Comment 3 Francesco Romani 2017-02-07 09:47:31 UTC

The issue here is that the HostMonitor is blocking and exhausting the executor resources. We need to know why HostMonitor blocks.

First thing: are the storage domain responsive?

Comment 4 Mark 2017-02-07 10:07:35 UTC

Hi,

Throughout the problem period both the host and storage domains remained in an active and 'up' state in hosted-engine. Using ssh, etc I could also directly connect to the guests in question.

Thanks,
Mark

Comment 5 Francesco Romani 2017-02-07 11:00:52 UTC

Unfortunately we only have vague hints in the provided logs.

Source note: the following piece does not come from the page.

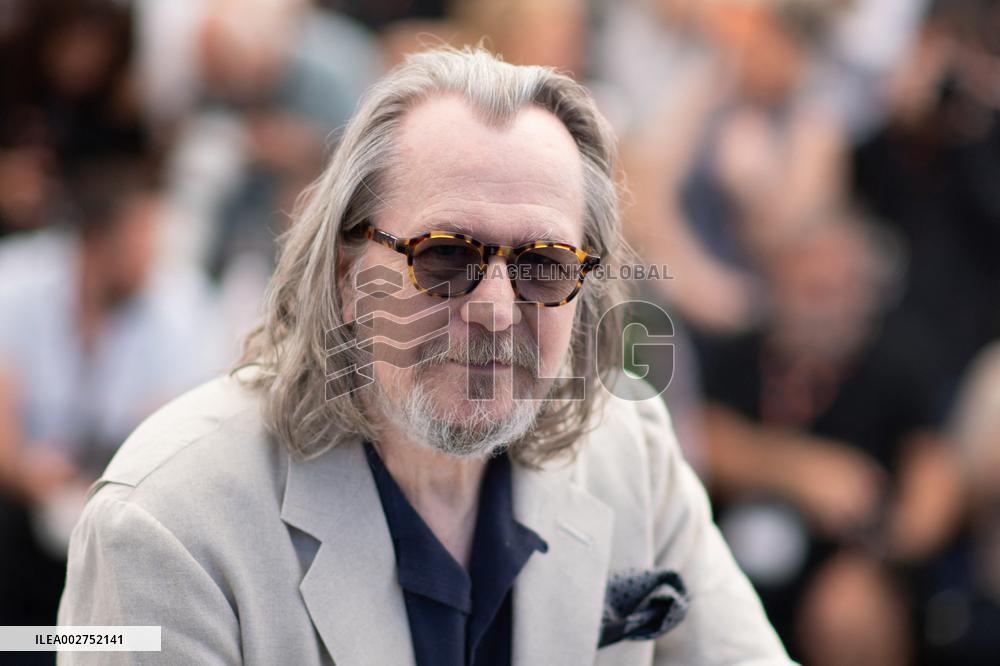 Cannes Parthenope Photocall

It seems storage was not responding well, UpdateVolumes was slow:

vdsm.Scheduler::DEBUG::2017-01-29 07:06:50,195::executor::254::Executor::(_discard) Worker discarded: <Worker name=periodic/234 running Task(callable=<UpdateVolumes vm=580d810b-fd9b-45e8-bd4f-a8c462b4e4c1 at 0x7ff1e01edc10>, timeout=30.0) discarded at 0x2bf81d0>

but it seems the disruption started even earlier than that:

vdsm.Scheduler::DEBUG::2017-01-29 06:56:49,261::executor::254::Executor::(_discard) Worker discarded: <Worker name=periodic/220 running Task(callable=<UpdateVolumes vm=580d810b-fd9b-45e8-bd4f-a8c462b4e4c1 at 0x2a0f910>, timeout=30.0) discarded at 0x29b4350>
vdsm.Scheduler::DEBUG::2017-01-29 06:56:49,262::executor::196::Executor::(__init__) Starting worker periodic/234

Do you have the metrics enabled?
(/etc/vdsm/vdsm.conf, [metrics] section, enable = true)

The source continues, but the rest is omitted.